**RECORD EXCERPTS:**
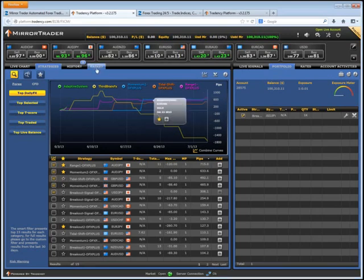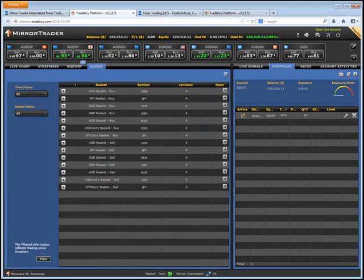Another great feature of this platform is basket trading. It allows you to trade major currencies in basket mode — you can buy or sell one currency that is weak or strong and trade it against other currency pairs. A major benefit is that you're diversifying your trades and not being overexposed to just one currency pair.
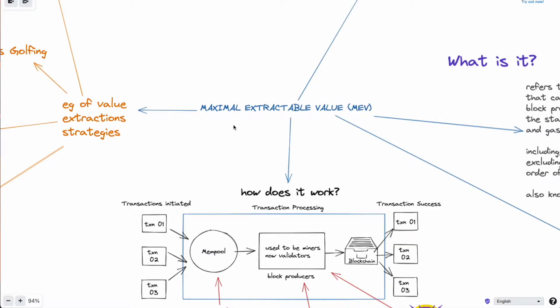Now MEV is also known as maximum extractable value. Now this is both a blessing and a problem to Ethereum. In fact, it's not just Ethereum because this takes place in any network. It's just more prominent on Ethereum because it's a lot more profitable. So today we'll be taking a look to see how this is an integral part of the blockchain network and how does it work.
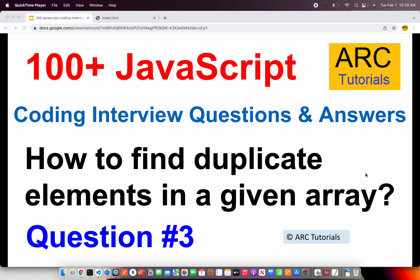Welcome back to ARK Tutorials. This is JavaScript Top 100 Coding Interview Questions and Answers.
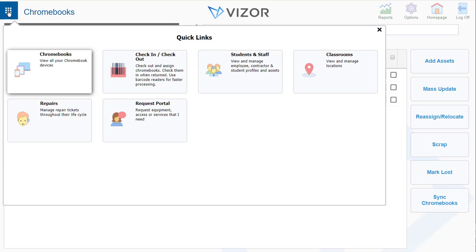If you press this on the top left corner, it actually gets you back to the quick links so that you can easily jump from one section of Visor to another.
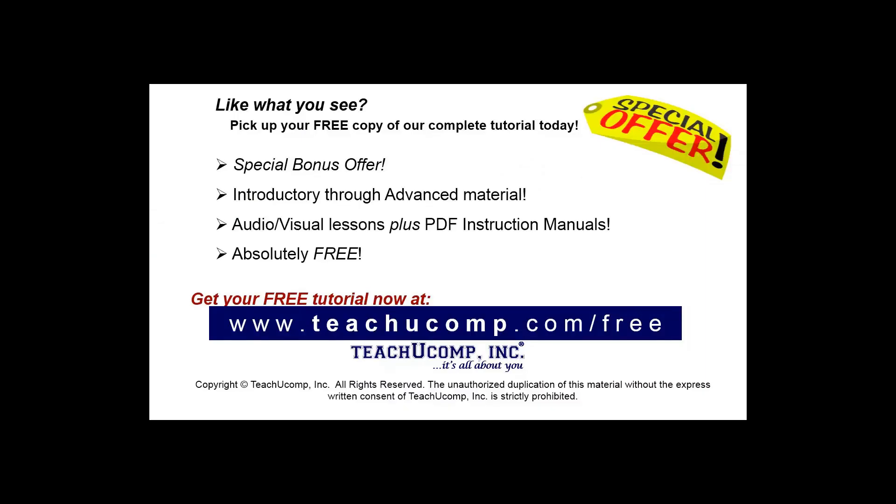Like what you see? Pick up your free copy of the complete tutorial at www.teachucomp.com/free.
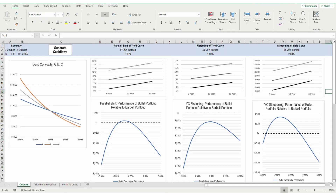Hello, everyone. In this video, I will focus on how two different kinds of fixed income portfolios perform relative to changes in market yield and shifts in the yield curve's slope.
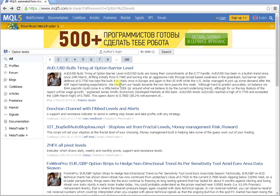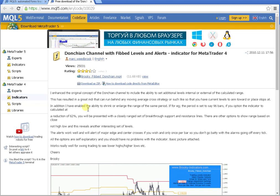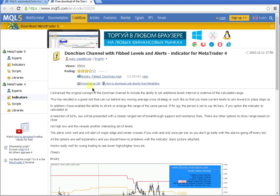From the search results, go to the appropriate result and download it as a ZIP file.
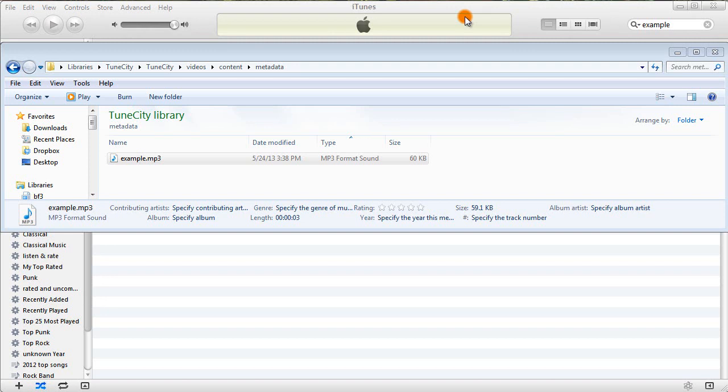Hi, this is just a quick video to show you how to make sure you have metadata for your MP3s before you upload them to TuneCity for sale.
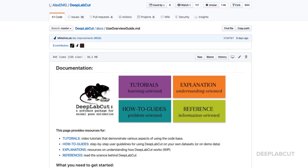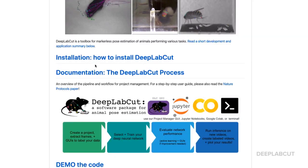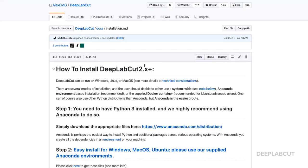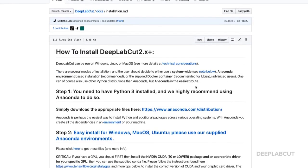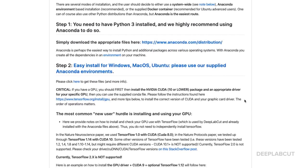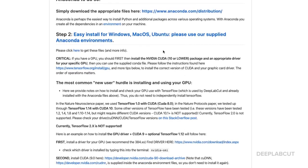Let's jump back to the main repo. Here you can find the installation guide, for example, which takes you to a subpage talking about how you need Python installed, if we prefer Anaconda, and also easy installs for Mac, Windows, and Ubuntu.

**THE TASK:**
Your answer must be an exact copy of the records, with no pictures in it.

**SOLUTION TO THE EXERCISE:**
Another great feature of this platform is basket trading. It allows you to trade major currencies in basket mode — you can buy or sell one currency that is weak or strong and trade it against other currency pairs. A major benefit is that you're diversifying your trades and not being overexposed to just one currency pair.
Now MEV is also known as maximum extractable value. Now this is both a blessing and a problem to Ethereum. In fact, it's not just Ethereum because this takes place in any network. It's just more prominent on Ethereum because it's a lot more profitable. So today we'll be taking a look to see how this is an integral part of the blockchain network and how does it work.
Welcome back to ARK Tutorials. This is JavaScript Top 100 Coding Interview Questions and Answers.
If you press this on the top left corner, it actually gets you back to the quick links so that you can easily jump from one section of Visor to another.
Like what you see? Pick up your free copy of the complete tutorial at www.teachucomp.com/free.
Hello, everyone. In this video, I will focus on how two different kinds of fixed income portfolios perform relative to changes in market yield and shifts in the yield curve's slope.
From the search results, go to the appropriate result and download it as a ZIP file.
Hi, this is just a quick video to show you how to make sure you have metadata for your MP3s before you upload them to TuneCity for sale.
Let's jump back to the main repo. Here you can find the installation guide, for example, which takes you to a subpage talking about how you need Python installed, if we prefer Anaconda, and also easy installs for Mac, Windows, and Ubuntu.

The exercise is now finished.